An existing 6° circular curve connects a PC and PT1 as shown. It is desired to avoid having vehicles pass too close to a historical monument, so a proposal has been made to relocat... An existing 6° circular curve connects a PC and PT1 as shown. It is desired to avoid having vehicles pass too close to a historical monument, so a proposal has been made to relocate the curve 120 ft forward. The PC will remain the same. What is the length of the new curve? Read more

Steps to Solve

1. Identify Given Parameters

For the circular curve:

• Central angle, $\theta = 6^{\circ}$
• Relocation distance = 120 ft

2. Convert Central Angle to Radians

We need to convert the angle from degrees to radians for calculations:

$$ \theta_{rad} = \theta_{deg} \times \frac{\pi}{180} $$

So,

$$ \theta_{rad} = 6^{\circ} \times \frac{\pi}{180} = \frac{\pi}{30} $$

3. Determine Radius of the Original Curve

Given that the original curve's length ($L$) can be computed using:

$$ L = r \cdot \theta_{rad} $$

Rearranging gives:

$$ r = \frac{L}{\theta_{rad}} $$

However, we need to find the new radius after relocation.

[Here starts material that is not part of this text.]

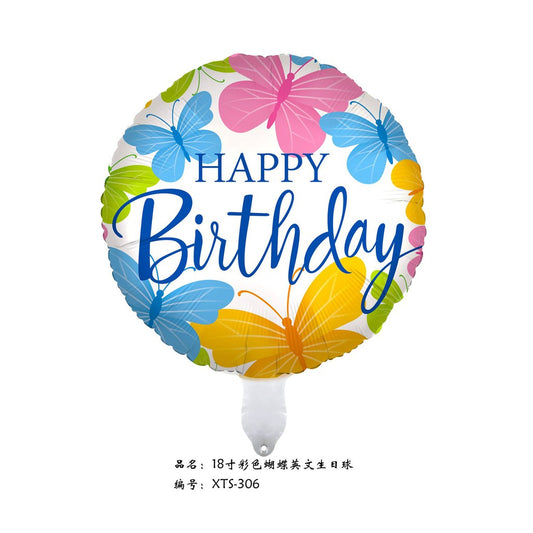 Balon Foil Bulat HBD Happy Birthday Beautiful Butterflies Size 45 cm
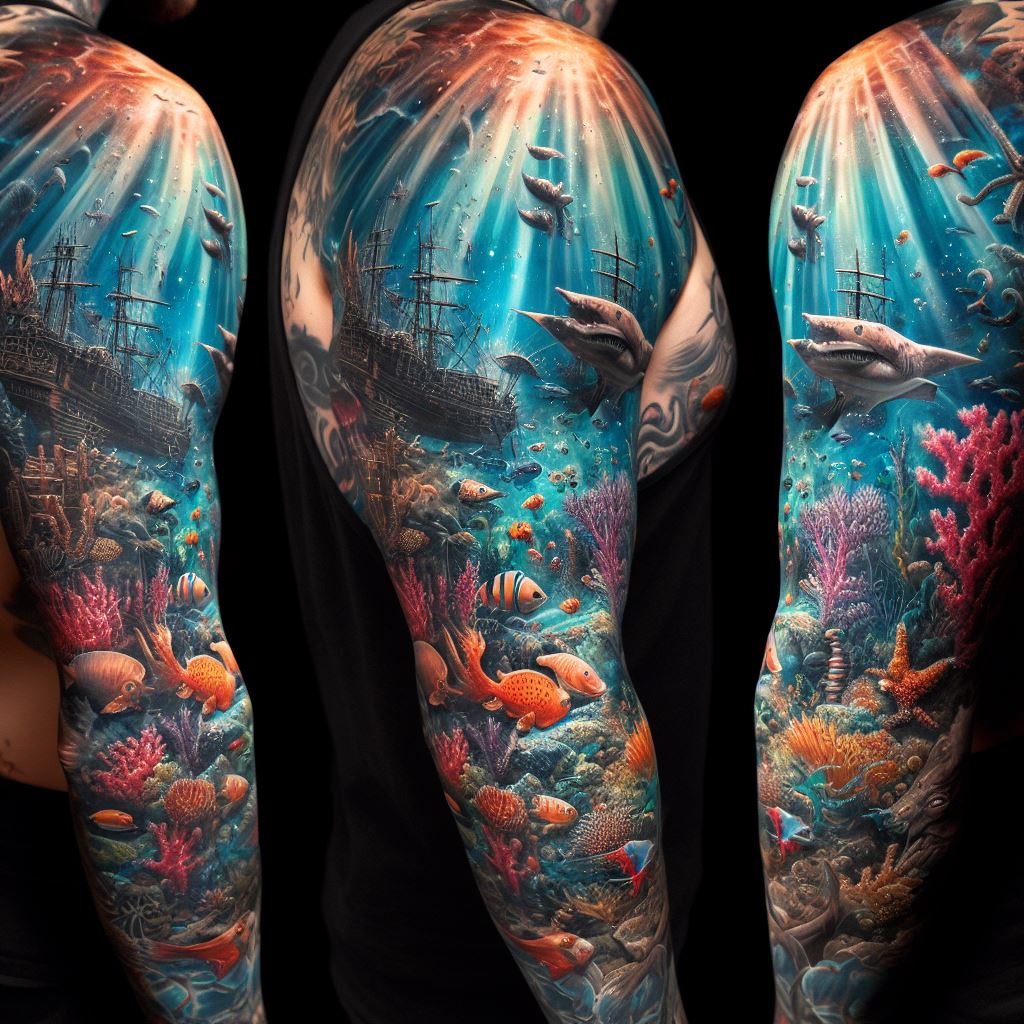 An impressive tattoo on the full sleeve, portraying a detailed underwater scene complete with a sunken pirate ship, coral gardens, and a variety of marine life including sharks, rays, and schools of fish, utilizing a wide range of colors to vividly bring the scene to life, with rays of sunlight filtering through the water from above.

4. Calculate Cord Length and New Curve Length

The chord length of a circular curve with radius $r$ can be approximated for small angles using:

$$ C = 2r \sin\left(\frac{\theta_{rad}}{2}\right) $$

The new curve length will include the previous length plus the length obtained from the relocation:

$$ L_{new} = L + C_{relocation} $$

5. Find the New Length

With the length determined based on the curve's new radius, we add the adjustment for the cord created by moving the curve:

$$ L_{new} = r \cdot \theta_{rad} + 120 $$

6. Final Calculation

Substituting values into the equation gives us:

$$ L_{new} = r_{original} + 120 $$

Finally, we'll insert the radius based on the original configuration to find the new curve length.